**** THE INPUT
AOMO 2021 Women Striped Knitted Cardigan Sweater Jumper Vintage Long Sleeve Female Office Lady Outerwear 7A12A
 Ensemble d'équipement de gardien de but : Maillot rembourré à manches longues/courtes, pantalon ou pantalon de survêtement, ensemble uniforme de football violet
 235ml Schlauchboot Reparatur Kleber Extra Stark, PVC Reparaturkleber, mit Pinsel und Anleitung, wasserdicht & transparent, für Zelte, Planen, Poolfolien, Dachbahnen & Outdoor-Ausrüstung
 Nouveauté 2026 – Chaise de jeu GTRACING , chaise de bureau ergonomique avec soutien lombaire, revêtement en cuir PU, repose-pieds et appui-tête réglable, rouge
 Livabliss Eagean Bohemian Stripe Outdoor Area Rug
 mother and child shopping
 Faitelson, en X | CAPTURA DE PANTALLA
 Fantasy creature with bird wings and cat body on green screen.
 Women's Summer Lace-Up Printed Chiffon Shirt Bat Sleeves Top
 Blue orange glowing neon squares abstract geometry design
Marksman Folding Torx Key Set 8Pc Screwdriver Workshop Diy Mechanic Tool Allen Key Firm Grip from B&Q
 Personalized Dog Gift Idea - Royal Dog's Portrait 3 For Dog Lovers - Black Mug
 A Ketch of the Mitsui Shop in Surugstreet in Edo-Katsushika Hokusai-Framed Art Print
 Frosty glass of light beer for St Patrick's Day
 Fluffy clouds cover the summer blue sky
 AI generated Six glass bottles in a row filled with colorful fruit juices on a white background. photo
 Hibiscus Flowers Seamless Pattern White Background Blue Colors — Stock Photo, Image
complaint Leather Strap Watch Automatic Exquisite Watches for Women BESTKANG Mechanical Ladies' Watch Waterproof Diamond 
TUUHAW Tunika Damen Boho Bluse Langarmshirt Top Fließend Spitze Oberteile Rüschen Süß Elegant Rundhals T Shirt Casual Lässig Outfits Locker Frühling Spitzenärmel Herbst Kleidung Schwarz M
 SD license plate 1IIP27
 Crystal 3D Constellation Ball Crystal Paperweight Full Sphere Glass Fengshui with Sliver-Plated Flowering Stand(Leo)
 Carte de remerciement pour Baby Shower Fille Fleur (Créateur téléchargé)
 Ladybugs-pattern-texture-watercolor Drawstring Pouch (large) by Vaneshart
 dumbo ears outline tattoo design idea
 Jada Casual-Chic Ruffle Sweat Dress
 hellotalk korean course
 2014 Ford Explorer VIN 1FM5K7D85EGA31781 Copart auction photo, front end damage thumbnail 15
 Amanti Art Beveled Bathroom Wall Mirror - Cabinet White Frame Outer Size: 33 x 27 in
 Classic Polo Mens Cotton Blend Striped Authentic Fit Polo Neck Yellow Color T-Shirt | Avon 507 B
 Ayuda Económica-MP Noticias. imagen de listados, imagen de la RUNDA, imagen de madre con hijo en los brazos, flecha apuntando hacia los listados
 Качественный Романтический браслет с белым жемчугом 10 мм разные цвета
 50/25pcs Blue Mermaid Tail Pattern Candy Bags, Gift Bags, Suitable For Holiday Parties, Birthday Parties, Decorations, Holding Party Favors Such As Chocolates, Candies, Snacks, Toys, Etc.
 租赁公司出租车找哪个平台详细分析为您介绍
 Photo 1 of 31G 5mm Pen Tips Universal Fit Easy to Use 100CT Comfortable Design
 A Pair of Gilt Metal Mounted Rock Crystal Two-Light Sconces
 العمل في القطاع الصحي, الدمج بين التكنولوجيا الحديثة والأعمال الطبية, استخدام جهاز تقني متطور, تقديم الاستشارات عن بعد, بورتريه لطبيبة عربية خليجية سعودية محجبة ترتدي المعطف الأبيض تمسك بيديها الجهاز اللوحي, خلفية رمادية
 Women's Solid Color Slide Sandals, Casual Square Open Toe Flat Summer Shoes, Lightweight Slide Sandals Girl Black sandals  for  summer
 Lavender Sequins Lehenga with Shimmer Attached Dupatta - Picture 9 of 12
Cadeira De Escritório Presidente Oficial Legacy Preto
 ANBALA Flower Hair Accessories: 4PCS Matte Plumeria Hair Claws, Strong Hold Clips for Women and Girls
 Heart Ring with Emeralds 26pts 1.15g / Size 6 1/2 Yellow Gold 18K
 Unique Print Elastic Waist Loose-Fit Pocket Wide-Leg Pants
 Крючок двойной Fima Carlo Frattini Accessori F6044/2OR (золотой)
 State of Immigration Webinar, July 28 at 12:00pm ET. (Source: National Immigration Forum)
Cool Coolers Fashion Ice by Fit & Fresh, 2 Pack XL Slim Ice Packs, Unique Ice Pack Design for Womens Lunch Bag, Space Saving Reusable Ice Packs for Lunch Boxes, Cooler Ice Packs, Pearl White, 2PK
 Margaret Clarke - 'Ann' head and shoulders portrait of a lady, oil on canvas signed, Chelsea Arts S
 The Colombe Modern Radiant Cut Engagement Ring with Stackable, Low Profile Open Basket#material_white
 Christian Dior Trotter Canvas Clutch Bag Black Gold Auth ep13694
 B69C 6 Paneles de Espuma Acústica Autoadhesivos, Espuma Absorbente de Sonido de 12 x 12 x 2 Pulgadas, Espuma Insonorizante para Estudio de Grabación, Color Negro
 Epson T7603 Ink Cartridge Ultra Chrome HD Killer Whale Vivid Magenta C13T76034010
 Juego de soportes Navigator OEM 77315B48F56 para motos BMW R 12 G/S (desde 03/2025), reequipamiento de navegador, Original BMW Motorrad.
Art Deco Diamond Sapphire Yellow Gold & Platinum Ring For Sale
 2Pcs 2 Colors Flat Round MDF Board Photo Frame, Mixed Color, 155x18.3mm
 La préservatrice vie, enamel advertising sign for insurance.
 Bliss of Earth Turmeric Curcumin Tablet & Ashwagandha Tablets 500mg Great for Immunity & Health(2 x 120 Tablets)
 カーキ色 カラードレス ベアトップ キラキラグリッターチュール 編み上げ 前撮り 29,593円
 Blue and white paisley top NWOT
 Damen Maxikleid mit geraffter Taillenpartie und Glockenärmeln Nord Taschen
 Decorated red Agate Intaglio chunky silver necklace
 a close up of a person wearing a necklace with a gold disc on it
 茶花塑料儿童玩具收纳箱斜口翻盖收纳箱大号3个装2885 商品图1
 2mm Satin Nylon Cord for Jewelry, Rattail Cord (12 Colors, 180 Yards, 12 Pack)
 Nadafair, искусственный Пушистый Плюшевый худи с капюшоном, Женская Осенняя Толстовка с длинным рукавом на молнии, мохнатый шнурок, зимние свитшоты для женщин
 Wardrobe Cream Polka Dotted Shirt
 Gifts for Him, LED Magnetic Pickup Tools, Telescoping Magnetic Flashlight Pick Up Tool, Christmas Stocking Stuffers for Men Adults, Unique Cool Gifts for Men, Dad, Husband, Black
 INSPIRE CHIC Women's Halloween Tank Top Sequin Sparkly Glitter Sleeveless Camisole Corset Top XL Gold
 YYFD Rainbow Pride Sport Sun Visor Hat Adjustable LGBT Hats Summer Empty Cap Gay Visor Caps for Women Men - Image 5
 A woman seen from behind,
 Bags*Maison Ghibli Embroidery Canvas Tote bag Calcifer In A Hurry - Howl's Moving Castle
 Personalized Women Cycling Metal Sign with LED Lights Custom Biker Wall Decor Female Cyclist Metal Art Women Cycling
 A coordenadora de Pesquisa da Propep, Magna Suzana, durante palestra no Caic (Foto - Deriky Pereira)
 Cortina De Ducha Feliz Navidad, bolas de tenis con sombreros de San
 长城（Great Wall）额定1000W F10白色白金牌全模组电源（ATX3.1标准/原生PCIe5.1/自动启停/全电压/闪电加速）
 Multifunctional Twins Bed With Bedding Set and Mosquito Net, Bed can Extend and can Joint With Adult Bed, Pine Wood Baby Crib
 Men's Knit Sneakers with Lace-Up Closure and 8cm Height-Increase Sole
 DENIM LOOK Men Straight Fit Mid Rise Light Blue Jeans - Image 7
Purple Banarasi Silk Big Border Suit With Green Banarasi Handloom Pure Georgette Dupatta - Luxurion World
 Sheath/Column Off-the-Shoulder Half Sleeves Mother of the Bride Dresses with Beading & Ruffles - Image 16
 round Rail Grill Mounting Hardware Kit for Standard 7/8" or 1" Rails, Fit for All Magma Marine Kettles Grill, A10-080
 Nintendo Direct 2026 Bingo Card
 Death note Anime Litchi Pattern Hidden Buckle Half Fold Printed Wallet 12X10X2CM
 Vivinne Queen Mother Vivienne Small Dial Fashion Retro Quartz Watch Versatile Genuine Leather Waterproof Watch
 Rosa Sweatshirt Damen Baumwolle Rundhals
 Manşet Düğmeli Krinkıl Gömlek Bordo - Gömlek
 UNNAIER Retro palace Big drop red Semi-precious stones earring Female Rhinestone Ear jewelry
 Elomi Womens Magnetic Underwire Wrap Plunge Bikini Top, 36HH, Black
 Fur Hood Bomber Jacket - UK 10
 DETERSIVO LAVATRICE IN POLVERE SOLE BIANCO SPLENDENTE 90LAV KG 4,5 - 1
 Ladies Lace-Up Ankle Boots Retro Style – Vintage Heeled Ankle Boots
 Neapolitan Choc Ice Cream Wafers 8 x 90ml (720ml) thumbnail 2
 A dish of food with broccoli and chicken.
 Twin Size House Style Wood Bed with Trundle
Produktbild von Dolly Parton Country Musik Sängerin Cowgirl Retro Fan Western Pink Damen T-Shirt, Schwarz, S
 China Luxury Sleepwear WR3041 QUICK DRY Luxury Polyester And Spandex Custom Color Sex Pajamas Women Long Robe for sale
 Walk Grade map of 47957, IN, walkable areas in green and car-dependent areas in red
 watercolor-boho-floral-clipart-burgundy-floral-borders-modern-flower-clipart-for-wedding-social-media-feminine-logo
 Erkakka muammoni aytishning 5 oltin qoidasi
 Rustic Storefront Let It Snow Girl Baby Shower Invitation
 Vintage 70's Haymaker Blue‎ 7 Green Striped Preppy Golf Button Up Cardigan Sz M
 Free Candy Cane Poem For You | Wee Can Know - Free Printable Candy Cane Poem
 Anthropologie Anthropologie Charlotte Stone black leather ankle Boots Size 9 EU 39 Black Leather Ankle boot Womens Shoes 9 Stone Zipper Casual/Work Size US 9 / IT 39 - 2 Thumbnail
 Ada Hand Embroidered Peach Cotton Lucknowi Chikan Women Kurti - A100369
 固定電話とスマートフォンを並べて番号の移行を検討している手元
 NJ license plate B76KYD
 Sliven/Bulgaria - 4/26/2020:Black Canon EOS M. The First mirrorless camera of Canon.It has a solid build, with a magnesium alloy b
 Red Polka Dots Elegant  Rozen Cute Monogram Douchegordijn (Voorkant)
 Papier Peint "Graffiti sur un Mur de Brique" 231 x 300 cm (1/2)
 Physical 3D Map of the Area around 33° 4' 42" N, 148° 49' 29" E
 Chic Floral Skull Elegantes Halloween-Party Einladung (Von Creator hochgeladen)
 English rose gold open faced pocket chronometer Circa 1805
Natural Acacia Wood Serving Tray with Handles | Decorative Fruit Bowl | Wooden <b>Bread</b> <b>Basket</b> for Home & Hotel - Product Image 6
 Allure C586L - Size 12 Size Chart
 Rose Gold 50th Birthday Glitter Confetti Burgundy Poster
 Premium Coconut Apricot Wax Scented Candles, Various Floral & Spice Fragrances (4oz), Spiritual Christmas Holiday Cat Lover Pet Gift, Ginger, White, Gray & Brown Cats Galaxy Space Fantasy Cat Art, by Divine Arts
********
The lines to copy run from the one containing "Physical 3D Map" through the last line above. Copy them exactly and include nothing else.

 Physical 3D Map of the Area around 33° 4' 42" N, 148° 49' 29" E
 Chic Floral Skull Elegantes Halloween-Party Einladung (Von Creator hochgeladen)
 English rose gold open faced pocket chronometer Circa 1805
Natural Acacia Wood Serving Tray with Handles | Decorative Fruit Bowl | Wooden <b>Bread</b> <b>Basket</b> for Home & Hotel - Product Image 6
 Allure C586L - Size 12 Size Chart
 Rose Gold 50th Birthday Glitter Confetti Burgundy Poster
 Premium Coconut Apricot Wax Scented Candles, Various Floral & Spice Fragrances (4oz), Spiritual Christmas Holiday Cat Lover Pet Gift, Ginger, White, Gray & Brown Cats Galaxy Space Fantasy Cat Art, by Divine Arts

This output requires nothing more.